TASK DIRECTIONS. The answer must consist of every line in the records that contains the word "Natural".

= Beginning of Section =

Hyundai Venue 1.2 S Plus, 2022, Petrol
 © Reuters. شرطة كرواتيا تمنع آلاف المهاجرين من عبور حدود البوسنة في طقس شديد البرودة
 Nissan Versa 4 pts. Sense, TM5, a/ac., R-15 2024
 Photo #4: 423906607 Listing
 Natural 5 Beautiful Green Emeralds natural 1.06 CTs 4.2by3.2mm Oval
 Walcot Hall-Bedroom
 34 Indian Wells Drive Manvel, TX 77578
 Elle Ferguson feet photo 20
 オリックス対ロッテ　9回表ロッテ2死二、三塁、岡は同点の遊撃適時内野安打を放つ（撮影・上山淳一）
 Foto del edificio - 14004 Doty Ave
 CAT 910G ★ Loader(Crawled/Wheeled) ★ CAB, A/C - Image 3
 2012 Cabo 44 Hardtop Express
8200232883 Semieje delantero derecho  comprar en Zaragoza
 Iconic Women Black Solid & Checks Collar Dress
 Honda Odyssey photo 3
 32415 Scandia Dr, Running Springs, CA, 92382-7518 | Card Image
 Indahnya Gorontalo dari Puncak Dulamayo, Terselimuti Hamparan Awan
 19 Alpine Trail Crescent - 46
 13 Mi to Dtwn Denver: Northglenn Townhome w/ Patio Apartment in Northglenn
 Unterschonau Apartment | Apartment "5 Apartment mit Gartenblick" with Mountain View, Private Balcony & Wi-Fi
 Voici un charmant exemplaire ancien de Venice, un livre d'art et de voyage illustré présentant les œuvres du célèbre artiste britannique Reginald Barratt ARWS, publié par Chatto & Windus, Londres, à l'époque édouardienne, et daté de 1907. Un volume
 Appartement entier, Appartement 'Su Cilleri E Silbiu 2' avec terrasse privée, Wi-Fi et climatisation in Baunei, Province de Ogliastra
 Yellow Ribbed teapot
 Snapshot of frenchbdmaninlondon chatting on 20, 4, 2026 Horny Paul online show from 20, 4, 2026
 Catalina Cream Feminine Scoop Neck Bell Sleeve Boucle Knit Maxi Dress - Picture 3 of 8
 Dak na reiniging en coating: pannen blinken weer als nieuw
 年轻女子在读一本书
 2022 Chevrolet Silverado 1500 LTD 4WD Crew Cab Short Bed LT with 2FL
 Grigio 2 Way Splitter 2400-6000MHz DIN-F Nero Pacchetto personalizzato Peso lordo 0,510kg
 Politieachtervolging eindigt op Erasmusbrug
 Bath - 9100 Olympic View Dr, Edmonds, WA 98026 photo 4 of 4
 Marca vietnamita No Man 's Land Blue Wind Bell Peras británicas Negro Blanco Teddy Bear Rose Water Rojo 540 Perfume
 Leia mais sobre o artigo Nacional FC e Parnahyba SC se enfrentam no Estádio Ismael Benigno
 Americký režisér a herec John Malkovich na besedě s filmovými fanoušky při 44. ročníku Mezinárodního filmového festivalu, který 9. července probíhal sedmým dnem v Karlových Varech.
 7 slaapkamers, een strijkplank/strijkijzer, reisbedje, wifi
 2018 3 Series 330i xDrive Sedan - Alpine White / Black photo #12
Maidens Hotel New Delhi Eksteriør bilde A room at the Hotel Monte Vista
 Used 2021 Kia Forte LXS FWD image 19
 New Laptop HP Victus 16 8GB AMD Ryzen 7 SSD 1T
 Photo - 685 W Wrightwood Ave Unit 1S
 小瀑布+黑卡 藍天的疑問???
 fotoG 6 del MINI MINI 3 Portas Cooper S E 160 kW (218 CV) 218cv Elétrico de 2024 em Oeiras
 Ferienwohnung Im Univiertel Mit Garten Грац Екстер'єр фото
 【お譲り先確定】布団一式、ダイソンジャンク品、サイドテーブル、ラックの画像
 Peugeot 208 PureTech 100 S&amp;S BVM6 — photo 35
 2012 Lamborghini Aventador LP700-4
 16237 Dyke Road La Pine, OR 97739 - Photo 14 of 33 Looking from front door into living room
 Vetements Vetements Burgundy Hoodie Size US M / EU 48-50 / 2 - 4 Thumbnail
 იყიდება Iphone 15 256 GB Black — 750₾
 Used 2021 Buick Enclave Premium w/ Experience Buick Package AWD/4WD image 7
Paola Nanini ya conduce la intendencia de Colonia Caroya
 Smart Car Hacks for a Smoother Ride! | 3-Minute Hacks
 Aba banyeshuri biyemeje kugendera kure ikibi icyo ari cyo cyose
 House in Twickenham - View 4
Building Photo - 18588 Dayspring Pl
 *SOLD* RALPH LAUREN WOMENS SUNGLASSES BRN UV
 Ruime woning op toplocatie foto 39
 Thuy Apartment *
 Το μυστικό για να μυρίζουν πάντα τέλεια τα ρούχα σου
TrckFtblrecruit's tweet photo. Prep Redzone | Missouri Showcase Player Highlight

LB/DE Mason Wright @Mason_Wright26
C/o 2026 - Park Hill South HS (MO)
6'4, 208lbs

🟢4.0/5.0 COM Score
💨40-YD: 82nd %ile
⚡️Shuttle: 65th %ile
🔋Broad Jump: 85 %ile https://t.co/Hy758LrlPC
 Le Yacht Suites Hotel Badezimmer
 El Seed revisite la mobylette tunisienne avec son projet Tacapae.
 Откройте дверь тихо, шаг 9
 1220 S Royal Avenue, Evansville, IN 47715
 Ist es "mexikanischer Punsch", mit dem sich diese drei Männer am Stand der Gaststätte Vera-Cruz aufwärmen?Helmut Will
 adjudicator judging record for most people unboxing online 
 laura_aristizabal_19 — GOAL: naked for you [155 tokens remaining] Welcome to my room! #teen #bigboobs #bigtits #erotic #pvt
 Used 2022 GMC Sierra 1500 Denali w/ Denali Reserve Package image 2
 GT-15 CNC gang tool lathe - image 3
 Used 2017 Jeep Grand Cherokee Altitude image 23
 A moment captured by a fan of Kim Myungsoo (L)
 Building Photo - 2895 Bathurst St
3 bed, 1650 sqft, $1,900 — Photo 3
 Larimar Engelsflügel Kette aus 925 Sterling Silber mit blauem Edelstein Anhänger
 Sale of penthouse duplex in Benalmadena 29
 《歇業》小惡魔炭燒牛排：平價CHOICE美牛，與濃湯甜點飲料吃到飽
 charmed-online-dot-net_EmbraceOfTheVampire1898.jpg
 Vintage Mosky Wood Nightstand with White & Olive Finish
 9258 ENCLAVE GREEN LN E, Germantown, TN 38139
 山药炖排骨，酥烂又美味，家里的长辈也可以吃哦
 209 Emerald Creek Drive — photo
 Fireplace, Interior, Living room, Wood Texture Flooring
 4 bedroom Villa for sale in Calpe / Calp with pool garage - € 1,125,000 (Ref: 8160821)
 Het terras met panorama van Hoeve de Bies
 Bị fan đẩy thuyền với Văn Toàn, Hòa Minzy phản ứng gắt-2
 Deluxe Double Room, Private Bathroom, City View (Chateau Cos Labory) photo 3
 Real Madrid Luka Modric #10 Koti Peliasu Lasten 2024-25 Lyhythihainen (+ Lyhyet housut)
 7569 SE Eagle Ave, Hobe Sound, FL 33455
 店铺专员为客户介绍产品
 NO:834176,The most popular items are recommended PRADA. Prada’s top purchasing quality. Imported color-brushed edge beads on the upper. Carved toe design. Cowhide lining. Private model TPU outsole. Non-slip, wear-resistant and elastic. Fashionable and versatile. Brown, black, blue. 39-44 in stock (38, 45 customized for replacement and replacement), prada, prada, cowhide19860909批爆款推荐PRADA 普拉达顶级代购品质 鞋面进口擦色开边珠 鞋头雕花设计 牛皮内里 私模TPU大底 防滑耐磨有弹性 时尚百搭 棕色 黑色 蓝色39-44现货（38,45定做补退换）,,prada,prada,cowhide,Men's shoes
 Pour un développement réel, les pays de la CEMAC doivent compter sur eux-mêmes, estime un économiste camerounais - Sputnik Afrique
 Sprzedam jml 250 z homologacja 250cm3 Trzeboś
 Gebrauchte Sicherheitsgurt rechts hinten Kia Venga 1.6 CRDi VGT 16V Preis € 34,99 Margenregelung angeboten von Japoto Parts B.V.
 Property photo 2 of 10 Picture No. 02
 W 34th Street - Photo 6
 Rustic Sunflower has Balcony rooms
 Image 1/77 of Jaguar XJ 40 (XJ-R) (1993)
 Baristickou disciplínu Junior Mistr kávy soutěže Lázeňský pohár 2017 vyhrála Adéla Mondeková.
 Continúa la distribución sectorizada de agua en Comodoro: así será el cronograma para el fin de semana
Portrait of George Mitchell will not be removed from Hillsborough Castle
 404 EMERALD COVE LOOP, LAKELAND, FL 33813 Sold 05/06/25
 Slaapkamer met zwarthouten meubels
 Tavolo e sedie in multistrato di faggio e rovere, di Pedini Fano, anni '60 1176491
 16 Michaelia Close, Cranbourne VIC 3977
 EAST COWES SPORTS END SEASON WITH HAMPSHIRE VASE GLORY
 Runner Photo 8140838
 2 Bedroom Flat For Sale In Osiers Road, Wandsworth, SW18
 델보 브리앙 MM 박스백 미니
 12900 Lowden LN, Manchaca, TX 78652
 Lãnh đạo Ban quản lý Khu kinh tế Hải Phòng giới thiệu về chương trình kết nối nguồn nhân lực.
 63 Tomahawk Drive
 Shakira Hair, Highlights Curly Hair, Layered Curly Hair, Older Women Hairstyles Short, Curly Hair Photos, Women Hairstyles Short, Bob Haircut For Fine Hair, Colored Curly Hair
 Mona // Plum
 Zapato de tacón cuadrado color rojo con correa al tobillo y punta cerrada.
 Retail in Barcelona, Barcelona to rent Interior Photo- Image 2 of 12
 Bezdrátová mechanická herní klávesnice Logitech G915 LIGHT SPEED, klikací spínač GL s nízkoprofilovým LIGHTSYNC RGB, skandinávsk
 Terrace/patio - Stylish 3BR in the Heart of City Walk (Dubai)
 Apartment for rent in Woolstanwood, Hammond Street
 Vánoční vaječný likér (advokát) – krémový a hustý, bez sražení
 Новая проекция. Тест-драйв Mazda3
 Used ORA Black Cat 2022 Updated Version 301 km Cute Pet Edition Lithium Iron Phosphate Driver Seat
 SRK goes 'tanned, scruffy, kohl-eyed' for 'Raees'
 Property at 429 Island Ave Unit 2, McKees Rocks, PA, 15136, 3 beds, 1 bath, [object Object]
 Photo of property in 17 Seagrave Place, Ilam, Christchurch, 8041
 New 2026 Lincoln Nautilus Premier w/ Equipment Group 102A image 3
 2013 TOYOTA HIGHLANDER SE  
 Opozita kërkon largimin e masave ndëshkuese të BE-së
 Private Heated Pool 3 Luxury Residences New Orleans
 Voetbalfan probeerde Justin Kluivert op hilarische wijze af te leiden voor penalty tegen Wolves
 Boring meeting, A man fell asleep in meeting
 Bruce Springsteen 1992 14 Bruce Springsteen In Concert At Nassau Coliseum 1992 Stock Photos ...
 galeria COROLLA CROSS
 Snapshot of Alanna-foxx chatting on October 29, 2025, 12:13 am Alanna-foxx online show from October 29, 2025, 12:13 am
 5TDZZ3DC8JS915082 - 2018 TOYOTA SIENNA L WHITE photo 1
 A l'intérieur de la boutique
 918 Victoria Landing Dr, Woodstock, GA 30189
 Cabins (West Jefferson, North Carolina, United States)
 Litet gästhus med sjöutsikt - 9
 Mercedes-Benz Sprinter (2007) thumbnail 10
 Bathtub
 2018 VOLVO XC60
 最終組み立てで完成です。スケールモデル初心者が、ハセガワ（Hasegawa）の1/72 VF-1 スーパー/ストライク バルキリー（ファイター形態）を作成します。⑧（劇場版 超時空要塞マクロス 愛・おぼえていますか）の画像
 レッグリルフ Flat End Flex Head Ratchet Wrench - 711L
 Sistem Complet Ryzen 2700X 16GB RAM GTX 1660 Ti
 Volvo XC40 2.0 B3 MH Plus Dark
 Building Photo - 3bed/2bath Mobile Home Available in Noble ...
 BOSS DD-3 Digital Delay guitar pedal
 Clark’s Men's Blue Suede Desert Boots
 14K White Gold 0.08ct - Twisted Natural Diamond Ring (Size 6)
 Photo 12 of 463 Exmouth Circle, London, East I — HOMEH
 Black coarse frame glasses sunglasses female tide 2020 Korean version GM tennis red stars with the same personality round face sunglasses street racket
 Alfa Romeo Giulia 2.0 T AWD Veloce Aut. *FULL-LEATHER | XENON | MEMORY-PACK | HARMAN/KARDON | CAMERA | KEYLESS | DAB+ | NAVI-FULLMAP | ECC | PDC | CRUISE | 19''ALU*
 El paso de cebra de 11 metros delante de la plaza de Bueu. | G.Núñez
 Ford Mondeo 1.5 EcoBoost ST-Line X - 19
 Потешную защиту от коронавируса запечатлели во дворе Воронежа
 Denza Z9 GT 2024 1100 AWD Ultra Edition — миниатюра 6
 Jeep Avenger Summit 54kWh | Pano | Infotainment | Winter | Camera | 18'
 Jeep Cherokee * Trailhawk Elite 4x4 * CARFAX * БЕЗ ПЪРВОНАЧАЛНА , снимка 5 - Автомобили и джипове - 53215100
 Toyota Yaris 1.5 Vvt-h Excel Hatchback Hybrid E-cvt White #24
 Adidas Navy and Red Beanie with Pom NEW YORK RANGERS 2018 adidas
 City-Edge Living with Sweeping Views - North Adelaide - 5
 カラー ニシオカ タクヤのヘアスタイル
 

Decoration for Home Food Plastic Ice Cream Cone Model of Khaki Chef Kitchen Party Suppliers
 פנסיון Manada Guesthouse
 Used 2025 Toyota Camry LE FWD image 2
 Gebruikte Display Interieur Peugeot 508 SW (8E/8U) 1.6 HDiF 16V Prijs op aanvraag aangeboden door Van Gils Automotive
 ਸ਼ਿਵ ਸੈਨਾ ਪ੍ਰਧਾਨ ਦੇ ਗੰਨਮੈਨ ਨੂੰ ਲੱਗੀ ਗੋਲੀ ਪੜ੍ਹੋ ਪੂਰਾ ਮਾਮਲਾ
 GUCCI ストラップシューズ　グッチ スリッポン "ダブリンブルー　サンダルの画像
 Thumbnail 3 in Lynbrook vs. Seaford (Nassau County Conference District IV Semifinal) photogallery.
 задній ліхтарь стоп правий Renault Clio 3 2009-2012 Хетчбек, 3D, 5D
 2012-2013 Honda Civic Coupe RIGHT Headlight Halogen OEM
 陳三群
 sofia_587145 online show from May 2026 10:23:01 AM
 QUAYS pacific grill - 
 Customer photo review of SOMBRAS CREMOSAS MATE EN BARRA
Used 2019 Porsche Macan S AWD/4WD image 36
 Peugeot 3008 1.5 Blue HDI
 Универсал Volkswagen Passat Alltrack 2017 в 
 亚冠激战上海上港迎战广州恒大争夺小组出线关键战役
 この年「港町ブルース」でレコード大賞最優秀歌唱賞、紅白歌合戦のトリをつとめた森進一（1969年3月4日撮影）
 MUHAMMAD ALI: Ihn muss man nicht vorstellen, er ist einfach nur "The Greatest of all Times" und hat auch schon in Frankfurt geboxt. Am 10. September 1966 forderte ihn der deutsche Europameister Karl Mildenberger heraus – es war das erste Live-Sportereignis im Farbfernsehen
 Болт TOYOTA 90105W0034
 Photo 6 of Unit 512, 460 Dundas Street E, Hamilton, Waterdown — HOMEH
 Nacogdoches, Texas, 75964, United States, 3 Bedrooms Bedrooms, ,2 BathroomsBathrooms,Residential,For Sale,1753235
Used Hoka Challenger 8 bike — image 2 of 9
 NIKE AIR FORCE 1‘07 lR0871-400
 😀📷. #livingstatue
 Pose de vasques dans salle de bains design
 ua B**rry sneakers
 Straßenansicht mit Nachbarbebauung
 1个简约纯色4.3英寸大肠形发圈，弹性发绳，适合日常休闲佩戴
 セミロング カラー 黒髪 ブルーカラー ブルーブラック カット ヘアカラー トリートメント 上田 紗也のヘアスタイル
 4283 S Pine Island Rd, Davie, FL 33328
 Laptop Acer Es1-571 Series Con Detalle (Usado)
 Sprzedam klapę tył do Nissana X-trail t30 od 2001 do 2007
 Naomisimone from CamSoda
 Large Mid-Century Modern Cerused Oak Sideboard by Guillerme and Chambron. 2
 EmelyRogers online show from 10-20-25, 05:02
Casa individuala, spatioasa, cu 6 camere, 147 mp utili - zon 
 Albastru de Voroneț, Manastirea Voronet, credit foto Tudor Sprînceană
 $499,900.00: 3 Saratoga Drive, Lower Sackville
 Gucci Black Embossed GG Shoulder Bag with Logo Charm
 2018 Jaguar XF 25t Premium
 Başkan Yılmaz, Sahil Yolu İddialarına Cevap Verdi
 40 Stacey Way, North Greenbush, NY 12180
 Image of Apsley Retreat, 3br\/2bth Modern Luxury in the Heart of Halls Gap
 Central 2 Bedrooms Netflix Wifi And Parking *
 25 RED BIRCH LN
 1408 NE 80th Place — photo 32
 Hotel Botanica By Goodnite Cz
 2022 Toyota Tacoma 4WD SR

= End of Section =

SOLUTION TO THIS PROBLEM.
 Natural 5 Beautiful Green Emeralds natural 1.06 CTs 4.2by3.2mm Oval
 14K White Gold 0.08ct - Twisted Natural Diamond Ring (Size 6)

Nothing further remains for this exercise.